Dataset Splitter
Security checks across static analysis, malware telemetry, and agentic risk
Overview
This appears to be a straightforward local dataset-splitting tool, but it moves files by default and users should review the annotation and install behavior before running it.
Before installing or running it, confirm you are pointing it at the intended dataset folder. Use --copy if you want a non-destructive split, use --yolo if you expect labels to be split by the script, and install Pillow in an isolated environment if you use the stats feature.
Static analysis
No static analysis findings were reported for this release.
VirusTotal
VirusTotal findings are pending for this skill version.
Risk analysis
Artifact-based informational review of SKILL.md, metadata, install specs, static scan signals, and capability signals. ClawScan does not execute the skill or run runtime probes.
Running the default split can reorganize or remove images from the original folder, which may surprise users expecting a non-destructive copy.
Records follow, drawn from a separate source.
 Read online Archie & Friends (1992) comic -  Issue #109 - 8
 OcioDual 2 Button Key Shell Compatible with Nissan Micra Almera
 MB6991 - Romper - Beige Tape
The default behavior without --copy moves user-selected image files into split directories, which is purpose-aligned but mutates the source dataset.
if args.copy:
shutil.copy2(img_path, dest_path)
else:
shutil.move(img_path, dest_path)Use --copy or back up the dataset when you want to preserve the original directory unchanged.
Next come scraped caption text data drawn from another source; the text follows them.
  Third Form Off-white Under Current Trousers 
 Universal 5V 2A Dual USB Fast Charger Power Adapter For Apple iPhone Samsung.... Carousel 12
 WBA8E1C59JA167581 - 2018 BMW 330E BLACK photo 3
If users run the documented non-YOLO annotation example, images may be moved while labels remain in the original annotation folder.
Annotations are processed only when a destination annotation directory exists, and those directories are only created for --yolo output, while SKILL.md presents --annotations as generally splitting annotations together.
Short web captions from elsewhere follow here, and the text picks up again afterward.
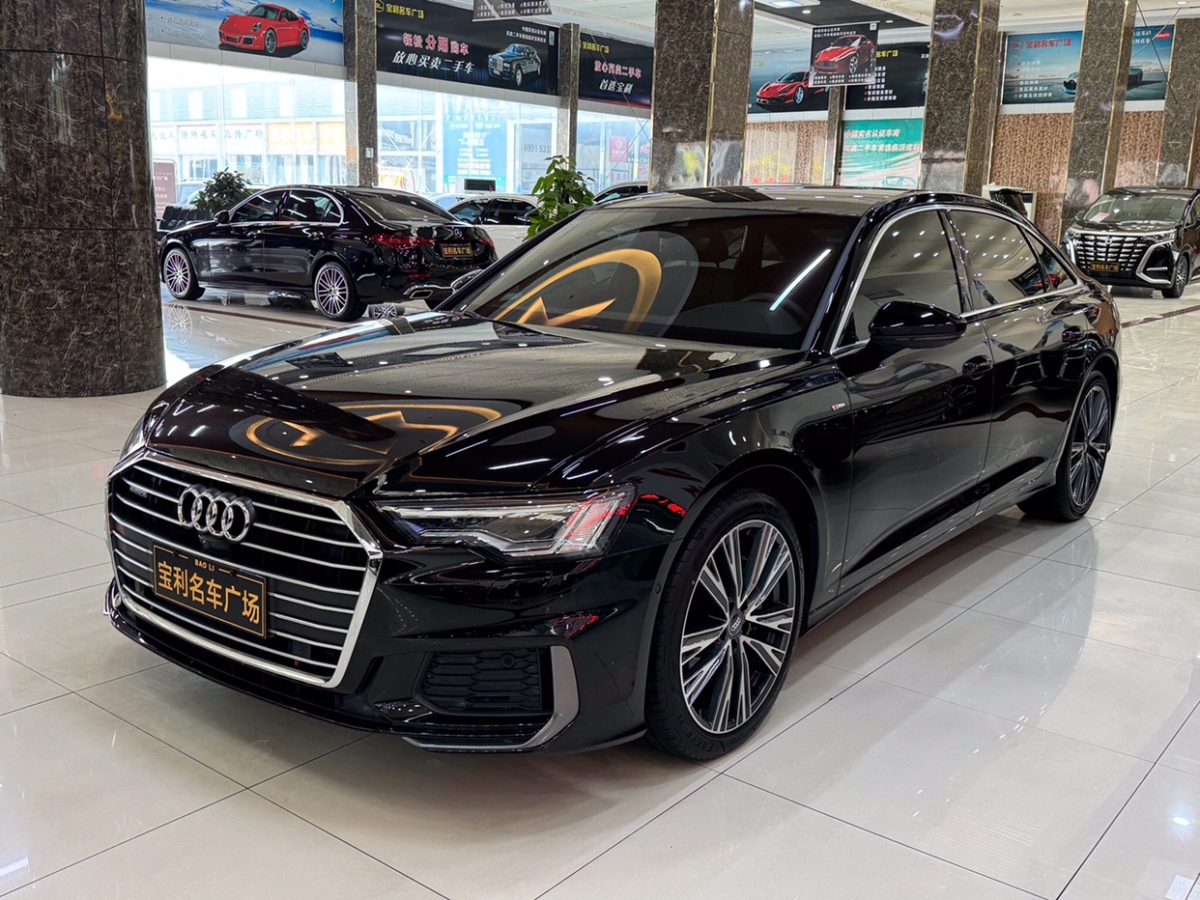 奧迪 奧迪A6L  2020款 45 TFSI 臻選動感型圖片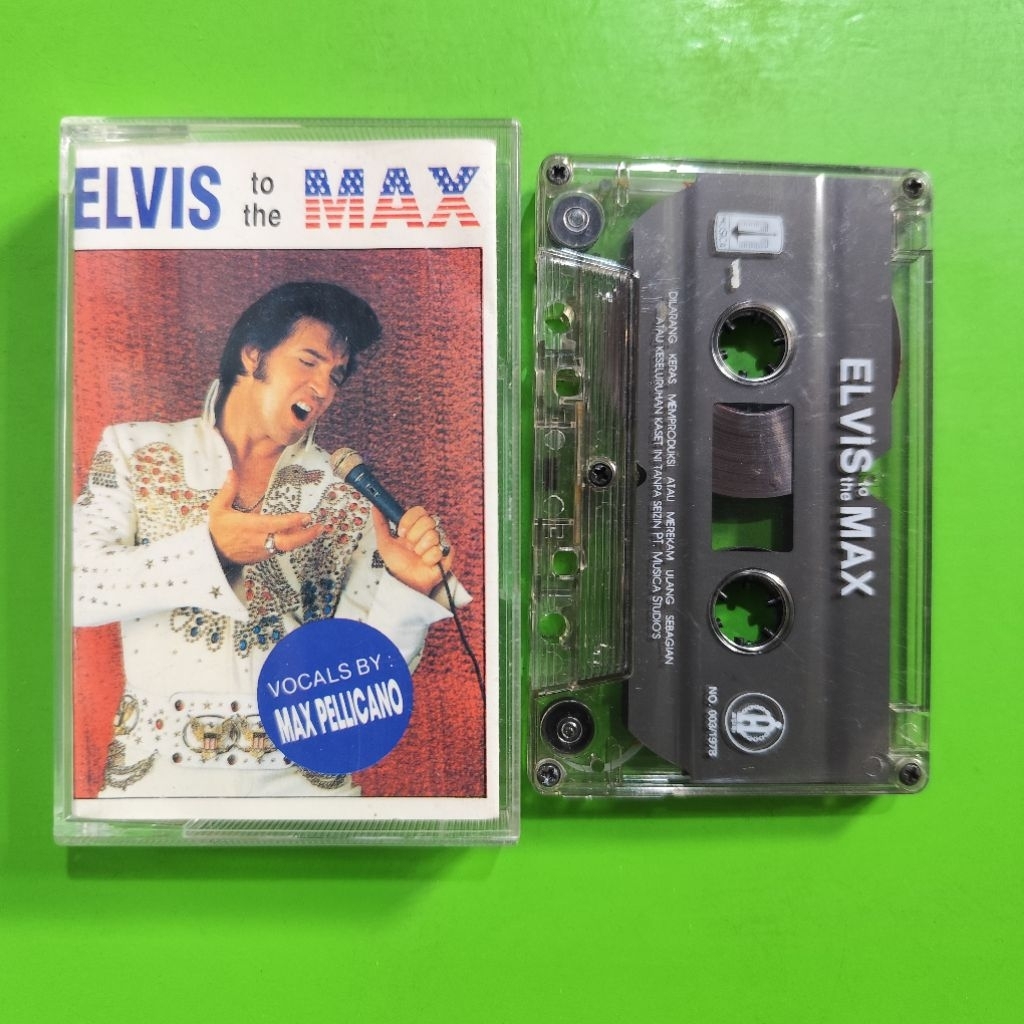 เทปคาสเซ็ต ELVIS TO THE MAX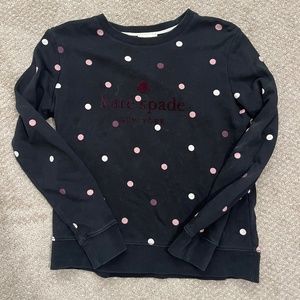 Kate Spade Polka Dot Crew Neck
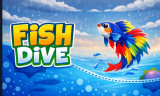 Fish Dive background
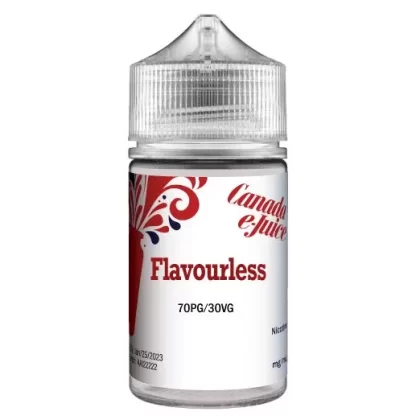 Flavourless – Salt Nic - Size#30ml>60ml>120ml~Base#70PG/30VG~Strength#20mg Salt Nicotine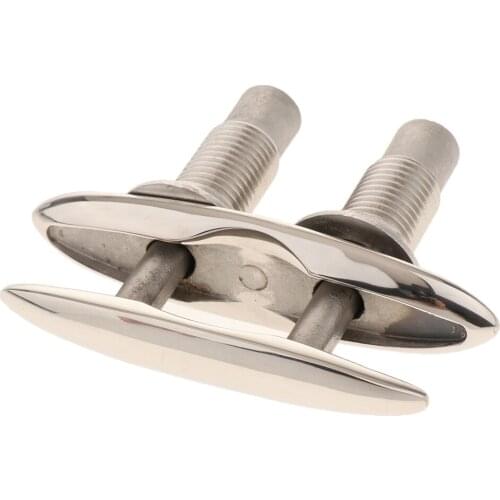 316 Stainless Stee Pull-up Cleat/ Pop-up Flush Mount Lift- Boat/Marine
train_ann = os.path.join(output_dir, "train", "labels") if args.yolo and ann_dir else None ... if args.annotations and src_ann_dir and dest_ann_dir:
Use --yolo when you need labels split by this script, or verify the output carefully before deleting or relying on the original dataset layout.
Installing an unpinned package can produce different versions over time or inherit normal package-supply-chain risk.
The skill asks users to install an external Python package without a pinned version; this is expected for image statistics but is not captured by an install spec.
pip install pillow
Install Pillow in a virtual environment and consider pinning a trusted version if reproducibility matters.